Learning To Boogie With The Boogieman
In the past few days I encountered the best of both worlds: The delicious, nurturing feminine, and the bracing, nutritious masculine.
On Thursday night, Shelley and I made love. We’ve been together 11 years now, and, although our bodies are ageing, the sex keeps getting better because it keeps getting deeper. We enter a zone of connection that seduces me open and bathes me in sensual splendor, until I enter something of a heightened state of aliveness. It’s a kind of communion, and through her I catch a glimpse of the divine feminine.
And then, over the weekend, I was out in the woods with 80 crazy motherfuckers for 30 hours of wild abandon and balls-to-the-wall adventure.

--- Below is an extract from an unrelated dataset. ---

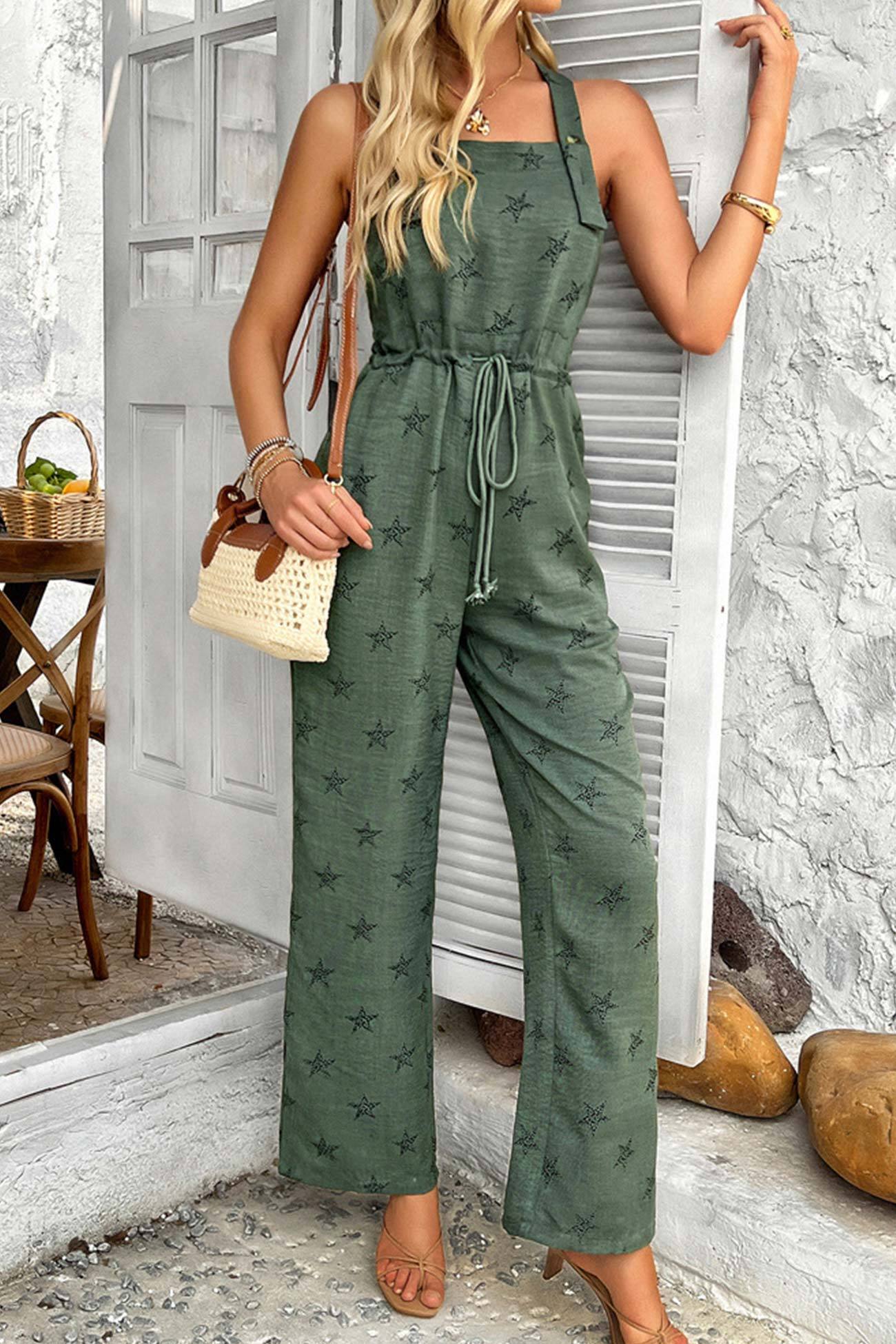 Pentagram Print High Waist Overalls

Without this annual men’s work; without the Sterling men’s weekend I did long ago, and the ongoing men’s groups (we call them teams) that grew out of it, I’d be more susceptible to the typical male maladies of ego inflation and isolation (funny how they go together). And I’d also have no healthy male pride.
But I digress.
During last weekend’s gathering, I got to confront my own worst fear, the fear of death. I got to see that my dance with death is in a sense the only dance there is. Fully confronting it increases my ability to fully live.

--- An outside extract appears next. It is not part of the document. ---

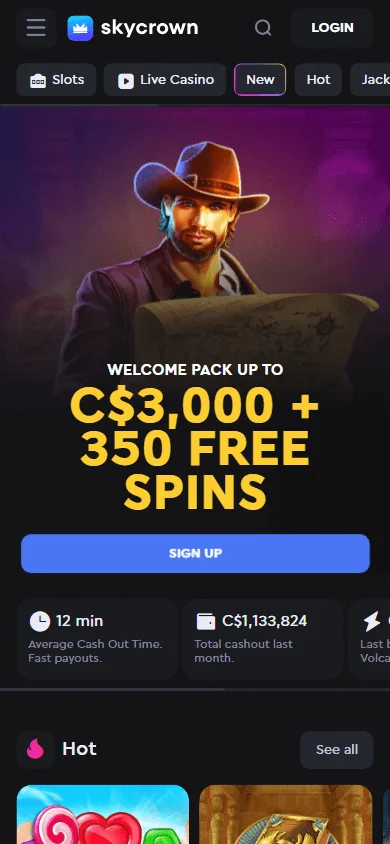 Skycrown Casino mobile browser interface on a phone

My fear of death is for me the ultimate boogieman, and as I learn how to dance with him, he enlivens my step and becomes the boogie woogie man.
During another part of the weekend, a potent image emerged from deep within me. It was like a gift received from my spiritual side. Appearing as a kind of orb small enough to fit in my hand, and buzzing with energy, it gleams and is spiked with explosions of color, and is empty in the center. The image came to me intuitively, and it was only later I realized it has a connection to last week’s post on emptiness.
This orb is my being: Wild and vibrant, with a pulsating void at its core. This void is the part of me that is connected to eternity, the part that was around before I took on my body, and the part that will continue after I drop it.
Somehow contemplating this image calms me, and properly arranges my priorities. From this center, my essence, there is nothing — nothing to lose; nothing to fret about; nothing to fear. This sets things straight in my life: There is much work to do, but nothing to worry about. Because everything is truly and fundamentally ok.
From this place, one can be fully engaged while also detached. As Ram Dass said, you approach everything in your world as if every one of your actions and beliefs matter and reverberate across the web of life, while simultaneously keeping in mind that nothing you say or do makes any difference at all.
From this place, even the demons wink. And even my worst fears are friends in the end, like actors who play adversaries on the stage sharing drinks after the show.
So instead of believing in the drama of my life, which means getting lost in it, much like I have done so often, it makes more sense to me now to look at it this way: Sometime before I was born, my soul decided, “Hmmm, I think what I could benefit from this next time around is to be born of a loving but over-doting mother, and a great but undermining dad. Then, at a tender age, I’ll lose the mother, and be searching for her replacement a good deal of my life. This will start me on my journey of self-discovery while giving me the opportunity to grow into a man faster without her, and learning how to nurture myself. Then I’ll marry the wrong person the first time, and learn things the hard way, because those are the hard knocks that will cobble my soul into a more well rounded shape. And on top of this, for extra spice, I’ll be born, as the Chinese curse goes, in interesting times. Yeah – that sounds about right. Let’s try that!”
Thinking of the drama of my life this way puts all the chattering monkeys in my head into perspective.
Their main message to me, like those spooky ads for The Fly some years back, is “Be afraid! Be very afraid!” Fear is the mind’s (or at least my mind’s) most effective ploy for demanding attention. It’s emotional blackmail: Pay me attention or you’ll die!
But these fear monkeys are actually evidence I’m entering an adventure or facing a challenge, which is true for me now. For there is much work to be done, but everything’s ok. This is the yin and the yang of my life. The masculine and the feminine. The Boogieman and the boogie. It’s all good, I think. I’m not sure. I’m 62 and I’m still just catching on.